《3》婚活アプリで出会って3ヶ月で婚約→入籍した話〜初デート編〜
◎2021年12月 初デート
さて、婚活を始めてから
最初のデートをすることになった私。
相手はわたし好みの
『知的でクールな黒髪メガネ』ではない。
今回は、あくまでも、
デート練習のためのデートだ。
そう思ってはみるものの
どうにも緊張してお腹が痛い。
逃げたい!!!という気持ちのまま、
待ち合わせ場所に到着したけれど・・・
緊張している場合ではなくなった。
彼の姿が見つからない。
え!まさかドタキャンじゃないよね!?
メッセージを送り合いながら、
なんとか彼を見つけた。
なぜか、太い柱の向こう側に立っていた。
なんでそんなところにいるんだ・・・
もっと分かりやすい場所にいて〜!!!!
わたしは笑顔で明るく声をかけた。
しかし、彼は苦笑いするだけで、
視線を合わせぬまま一人で歩き始めた。
え〜〜〜〜〜?
どゆこと?
その苦笑、なに?
なんで急に歩き出した???
第一印象は「変なひと」だった。
あぁ、もう逃げたい。
理由をつけて帰ろうかと思った。
だが、彼の服装を見て、
あることに気付いて踏みとどまった。
この人、ポケットに
文庫本を突っ込んでいる・・・?
・・・これを読んでいる、そこのあなた。
「えっ、だから何?」って思ったでしょ。
これがどれほどの衝撃だったか、
皆さんには想像もつかないであろう。
それは誰にも明かしたことがない
わたしの秘密の性癖であった。
あれは、まだ高校生のとき。
スラッとした20代の男性が
尻ポケットに文庫本を入れているのを見た。
文庫本という知的なアイテムと
尻ポケットに本がはいる細身の体型
大人になったら、
こういう男性とお近づきになりたい。
そう思った10代のわたしは
未来に想いを馳せた。
でも通常、書籍というのは
バッグに入れて持ち歩くものだ。
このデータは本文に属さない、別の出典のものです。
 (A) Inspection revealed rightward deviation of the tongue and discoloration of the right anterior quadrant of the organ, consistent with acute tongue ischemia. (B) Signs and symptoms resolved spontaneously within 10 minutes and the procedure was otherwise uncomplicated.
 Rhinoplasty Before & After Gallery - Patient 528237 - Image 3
(それはそう)
わざわざポケットに詰めるような
稀有な男性にはなかなか出会えないので
わたしはいつのまにか
探すことを諦めていたのだった。
まるで「月刊ムー」のようなタイトルが
ビビビッと頭を駆け抜けた。
ま、せっかくのファーストデートだし♡
わたしは急にご機嫌になり、
彼との時間を楽しむことにした。
🦩🦩🦩
私たちはランチを食べながら
「ご趣味は?」的なトークをした。
わたしはインドア。
彼はアウトドア。
びっくりするぐらい
趣味も、休日の過ごし方も
全く合わなかった。
おまけに、視線も全く合わなかった。
変なひとだな、とは思ったけど、
人見知りなわたしには好都合だった。
わたしは準備していた質問を
彼にたくさん問いかけて、
過去の恋愛も掘り下げまくった。
ランチを食べ終わった後も
「行きたいカフェがあるんです」と誘い、
コーヒーを飲みながらさらにお喋りをした。
婚活はマッチングだ。
決定的に合わない相手ならば、
どんどん次に行かねばならない。
その判断材料として、
1度デートした相手とは
時間が許すかぎり会話をしたかった。
彼とのデートは、
それなりに楽しく終わった。
解散した後、お礼のメッセージを送った。
すると、速攻で返信があり、
次回のデート案が送られてきた。
幻の「文庫本ポケット男」が実在した上に、
2回目のデートに誘われるという難題もクリアできてしまった。
わたしは少し、自信を持てるようになった。
その後も、彼とはなぜか予定が合いやすく、
すぐに2回、3回とデートを重ねた。